(Data shown):

◆ ◆ ◆

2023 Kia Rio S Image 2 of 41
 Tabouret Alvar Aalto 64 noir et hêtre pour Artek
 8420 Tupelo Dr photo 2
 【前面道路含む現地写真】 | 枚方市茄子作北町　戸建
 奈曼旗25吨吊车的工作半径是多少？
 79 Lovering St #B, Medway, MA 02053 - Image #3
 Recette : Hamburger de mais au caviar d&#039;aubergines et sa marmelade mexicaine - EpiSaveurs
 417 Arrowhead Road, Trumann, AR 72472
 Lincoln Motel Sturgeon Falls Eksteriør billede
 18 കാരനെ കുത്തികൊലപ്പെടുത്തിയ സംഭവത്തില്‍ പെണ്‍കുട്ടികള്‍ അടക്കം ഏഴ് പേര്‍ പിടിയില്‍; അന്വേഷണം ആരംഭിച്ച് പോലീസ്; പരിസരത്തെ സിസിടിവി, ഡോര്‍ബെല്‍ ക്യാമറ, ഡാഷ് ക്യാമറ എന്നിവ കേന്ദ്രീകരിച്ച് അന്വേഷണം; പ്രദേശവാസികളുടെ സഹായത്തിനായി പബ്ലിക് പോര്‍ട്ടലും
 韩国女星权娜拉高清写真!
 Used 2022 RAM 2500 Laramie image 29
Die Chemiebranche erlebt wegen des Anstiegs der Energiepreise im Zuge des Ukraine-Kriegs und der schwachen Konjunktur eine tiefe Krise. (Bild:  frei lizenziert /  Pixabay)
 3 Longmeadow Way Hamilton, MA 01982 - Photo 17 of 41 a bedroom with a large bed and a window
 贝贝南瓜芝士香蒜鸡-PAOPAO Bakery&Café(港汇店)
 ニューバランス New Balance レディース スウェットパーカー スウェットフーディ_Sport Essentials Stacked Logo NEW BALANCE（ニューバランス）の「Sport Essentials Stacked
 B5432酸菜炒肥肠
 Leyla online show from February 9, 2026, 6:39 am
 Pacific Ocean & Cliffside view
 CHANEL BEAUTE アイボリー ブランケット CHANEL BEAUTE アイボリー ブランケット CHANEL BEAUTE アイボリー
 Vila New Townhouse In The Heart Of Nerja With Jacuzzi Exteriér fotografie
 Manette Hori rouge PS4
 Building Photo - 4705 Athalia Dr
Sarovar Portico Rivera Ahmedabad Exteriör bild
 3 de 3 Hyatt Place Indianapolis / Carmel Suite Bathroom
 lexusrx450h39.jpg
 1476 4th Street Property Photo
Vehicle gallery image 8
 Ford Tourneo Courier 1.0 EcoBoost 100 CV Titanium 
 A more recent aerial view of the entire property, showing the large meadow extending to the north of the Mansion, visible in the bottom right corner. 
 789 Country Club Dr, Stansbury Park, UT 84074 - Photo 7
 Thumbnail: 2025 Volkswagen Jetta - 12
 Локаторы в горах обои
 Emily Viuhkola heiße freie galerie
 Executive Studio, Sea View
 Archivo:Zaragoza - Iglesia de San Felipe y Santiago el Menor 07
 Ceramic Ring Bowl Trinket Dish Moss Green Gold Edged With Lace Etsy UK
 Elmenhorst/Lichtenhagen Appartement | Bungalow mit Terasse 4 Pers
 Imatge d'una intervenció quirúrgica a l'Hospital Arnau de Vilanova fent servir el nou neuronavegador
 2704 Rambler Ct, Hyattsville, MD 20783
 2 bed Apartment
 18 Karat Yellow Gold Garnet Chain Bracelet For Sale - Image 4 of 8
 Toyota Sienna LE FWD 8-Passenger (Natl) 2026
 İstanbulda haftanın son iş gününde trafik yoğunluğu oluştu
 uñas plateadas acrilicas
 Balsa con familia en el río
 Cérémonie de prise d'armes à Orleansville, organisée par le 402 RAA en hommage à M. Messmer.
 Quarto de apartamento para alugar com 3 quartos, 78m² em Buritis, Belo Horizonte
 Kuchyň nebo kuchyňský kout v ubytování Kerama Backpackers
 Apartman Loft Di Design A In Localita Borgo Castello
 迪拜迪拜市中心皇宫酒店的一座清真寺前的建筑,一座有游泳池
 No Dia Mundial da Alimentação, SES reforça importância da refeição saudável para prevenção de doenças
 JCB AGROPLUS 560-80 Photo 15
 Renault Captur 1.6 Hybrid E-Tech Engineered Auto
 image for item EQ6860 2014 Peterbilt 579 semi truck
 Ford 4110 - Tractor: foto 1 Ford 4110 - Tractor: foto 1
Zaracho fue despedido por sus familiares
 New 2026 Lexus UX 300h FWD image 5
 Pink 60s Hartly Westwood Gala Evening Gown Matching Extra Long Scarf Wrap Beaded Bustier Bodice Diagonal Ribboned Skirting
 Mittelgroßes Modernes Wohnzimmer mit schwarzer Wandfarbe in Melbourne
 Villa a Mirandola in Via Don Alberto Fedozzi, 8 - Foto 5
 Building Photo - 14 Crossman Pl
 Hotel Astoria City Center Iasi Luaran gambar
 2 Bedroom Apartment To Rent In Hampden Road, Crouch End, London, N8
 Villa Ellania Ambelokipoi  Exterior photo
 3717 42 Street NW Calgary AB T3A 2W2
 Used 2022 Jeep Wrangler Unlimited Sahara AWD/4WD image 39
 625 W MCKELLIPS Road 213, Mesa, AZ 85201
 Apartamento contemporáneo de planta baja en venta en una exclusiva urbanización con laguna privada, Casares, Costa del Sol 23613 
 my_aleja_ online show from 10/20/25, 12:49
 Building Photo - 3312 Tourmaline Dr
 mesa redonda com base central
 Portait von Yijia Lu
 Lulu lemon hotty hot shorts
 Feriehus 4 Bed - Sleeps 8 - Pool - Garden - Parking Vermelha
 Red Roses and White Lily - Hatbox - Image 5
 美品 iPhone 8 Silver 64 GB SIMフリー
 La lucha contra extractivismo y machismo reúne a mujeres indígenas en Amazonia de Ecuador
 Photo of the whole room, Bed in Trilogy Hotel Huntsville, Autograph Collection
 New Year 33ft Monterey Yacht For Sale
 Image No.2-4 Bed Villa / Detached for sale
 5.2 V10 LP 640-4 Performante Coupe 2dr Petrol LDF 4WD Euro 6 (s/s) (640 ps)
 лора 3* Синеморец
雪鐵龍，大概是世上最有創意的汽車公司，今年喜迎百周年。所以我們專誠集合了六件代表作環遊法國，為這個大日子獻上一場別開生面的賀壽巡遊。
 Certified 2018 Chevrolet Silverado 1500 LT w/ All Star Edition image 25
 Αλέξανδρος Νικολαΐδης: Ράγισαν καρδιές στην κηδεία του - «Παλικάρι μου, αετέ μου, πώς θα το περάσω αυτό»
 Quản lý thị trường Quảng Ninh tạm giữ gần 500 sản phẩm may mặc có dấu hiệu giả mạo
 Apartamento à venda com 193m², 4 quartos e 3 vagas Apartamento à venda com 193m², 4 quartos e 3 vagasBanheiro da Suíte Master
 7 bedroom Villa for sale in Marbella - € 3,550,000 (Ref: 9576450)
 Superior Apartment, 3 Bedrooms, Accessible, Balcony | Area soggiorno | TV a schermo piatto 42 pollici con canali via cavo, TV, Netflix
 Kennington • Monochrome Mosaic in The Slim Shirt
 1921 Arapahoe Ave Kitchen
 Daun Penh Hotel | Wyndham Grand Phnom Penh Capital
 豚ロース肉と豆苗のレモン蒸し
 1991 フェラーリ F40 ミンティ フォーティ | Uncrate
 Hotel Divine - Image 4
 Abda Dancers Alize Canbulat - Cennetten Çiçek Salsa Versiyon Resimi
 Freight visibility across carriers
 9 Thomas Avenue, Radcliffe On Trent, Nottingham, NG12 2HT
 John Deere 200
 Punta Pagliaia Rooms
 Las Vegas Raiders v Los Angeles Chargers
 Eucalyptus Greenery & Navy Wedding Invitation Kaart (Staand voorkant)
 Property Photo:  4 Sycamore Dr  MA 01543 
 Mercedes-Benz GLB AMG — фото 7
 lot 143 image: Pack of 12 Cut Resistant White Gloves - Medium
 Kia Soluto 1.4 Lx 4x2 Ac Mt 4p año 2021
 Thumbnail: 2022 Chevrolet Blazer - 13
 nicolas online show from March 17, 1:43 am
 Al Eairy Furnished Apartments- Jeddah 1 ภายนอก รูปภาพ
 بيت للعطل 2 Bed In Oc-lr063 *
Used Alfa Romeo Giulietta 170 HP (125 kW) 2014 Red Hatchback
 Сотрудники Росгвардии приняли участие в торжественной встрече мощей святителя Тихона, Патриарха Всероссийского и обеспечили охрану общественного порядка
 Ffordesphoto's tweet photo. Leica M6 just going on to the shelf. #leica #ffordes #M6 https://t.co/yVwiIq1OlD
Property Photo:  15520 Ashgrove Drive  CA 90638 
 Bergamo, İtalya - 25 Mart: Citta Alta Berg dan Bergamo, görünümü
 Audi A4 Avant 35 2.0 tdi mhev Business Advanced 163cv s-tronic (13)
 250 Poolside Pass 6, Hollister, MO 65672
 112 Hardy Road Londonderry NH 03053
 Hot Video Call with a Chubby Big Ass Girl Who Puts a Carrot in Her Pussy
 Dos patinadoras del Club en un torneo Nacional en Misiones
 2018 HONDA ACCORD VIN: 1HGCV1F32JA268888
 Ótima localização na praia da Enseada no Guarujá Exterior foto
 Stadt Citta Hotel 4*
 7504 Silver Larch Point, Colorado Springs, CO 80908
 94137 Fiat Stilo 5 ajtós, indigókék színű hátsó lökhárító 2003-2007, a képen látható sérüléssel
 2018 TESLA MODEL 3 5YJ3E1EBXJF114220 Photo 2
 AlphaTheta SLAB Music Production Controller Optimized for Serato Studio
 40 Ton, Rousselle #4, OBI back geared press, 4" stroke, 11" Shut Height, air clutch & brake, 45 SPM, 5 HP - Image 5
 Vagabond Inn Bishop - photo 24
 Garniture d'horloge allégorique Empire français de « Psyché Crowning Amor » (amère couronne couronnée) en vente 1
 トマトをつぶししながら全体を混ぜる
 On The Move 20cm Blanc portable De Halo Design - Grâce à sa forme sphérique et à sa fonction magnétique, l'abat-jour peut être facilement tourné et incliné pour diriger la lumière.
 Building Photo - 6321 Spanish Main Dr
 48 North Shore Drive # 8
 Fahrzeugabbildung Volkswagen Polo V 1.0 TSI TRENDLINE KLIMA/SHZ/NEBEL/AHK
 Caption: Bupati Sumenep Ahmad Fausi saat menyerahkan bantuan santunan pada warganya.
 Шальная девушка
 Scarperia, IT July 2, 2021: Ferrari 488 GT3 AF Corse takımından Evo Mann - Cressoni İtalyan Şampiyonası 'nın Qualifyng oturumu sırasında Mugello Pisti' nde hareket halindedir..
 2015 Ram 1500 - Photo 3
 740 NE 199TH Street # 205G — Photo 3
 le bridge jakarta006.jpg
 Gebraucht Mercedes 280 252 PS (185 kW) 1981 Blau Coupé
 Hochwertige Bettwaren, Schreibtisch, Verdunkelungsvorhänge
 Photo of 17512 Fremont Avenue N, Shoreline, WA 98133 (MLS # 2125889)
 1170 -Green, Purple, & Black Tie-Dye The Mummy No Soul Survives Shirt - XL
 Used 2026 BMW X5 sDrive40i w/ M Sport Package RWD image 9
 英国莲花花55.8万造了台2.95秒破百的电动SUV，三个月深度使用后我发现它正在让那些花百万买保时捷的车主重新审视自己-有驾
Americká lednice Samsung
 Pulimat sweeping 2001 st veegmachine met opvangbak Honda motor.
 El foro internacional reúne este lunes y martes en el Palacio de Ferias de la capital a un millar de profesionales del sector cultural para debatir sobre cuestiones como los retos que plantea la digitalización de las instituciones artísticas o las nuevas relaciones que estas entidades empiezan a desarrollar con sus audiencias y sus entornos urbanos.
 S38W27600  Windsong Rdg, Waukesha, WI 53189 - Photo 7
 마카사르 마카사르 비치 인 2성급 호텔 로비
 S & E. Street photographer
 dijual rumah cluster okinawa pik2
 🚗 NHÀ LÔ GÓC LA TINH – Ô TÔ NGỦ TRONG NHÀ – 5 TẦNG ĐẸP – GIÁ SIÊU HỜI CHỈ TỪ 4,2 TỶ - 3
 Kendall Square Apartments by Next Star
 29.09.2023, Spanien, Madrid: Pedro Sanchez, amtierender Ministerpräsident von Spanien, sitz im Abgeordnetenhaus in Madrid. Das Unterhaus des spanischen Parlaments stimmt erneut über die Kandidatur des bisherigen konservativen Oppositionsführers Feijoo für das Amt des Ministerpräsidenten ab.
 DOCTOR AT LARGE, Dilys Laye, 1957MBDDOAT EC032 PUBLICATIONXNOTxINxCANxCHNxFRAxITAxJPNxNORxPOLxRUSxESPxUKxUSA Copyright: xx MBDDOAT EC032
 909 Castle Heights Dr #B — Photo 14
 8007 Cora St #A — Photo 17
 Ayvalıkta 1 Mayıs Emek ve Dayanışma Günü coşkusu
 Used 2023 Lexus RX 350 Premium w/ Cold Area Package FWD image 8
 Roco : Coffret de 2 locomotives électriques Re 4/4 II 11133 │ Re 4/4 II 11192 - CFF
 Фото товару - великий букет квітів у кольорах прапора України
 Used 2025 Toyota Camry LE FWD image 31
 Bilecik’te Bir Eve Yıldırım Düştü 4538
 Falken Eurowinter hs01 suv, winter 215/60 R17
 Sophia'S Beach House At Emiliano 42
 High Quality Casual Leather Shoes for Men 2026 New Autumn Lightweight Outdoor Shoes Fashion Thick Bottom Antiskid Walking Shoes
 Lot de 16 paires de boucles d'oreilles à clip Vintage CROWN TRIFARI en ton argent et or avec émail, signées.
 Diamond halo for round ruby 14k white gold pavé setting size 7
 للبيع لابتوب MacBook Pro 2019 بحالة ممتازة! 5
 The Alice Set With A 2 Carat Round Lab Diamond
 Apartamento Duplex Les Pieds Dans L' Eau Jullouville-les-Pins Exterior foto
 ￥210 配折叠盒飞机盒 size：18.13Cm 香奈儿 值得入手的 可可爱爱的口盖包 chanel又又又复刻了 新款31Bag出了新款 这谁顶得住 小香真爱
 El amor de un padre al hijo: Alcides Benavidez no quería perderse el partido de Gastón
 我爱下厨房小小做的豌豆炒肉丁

◆ ◆ ◆

(To do):
Your answer should be the lines of the listing above between the line holding "Punta Pagliaia Rooms" and the line holding "Mercedes-Benz GLB AMG — фото 7", inclusive, restated word for word and alone.

(Response to this exercise):
 Punta Pagliaia Rooms
 Las Vegas Raiders v Los Angeles Chargers
 Eucalyptus Greenery & Navy Wedding Invitation Kaart (Staand voorkant)
 Property Photo:  4 Sycamore Dr  MA 01543 
 Mercedes-Benz GLB AMG — фото 7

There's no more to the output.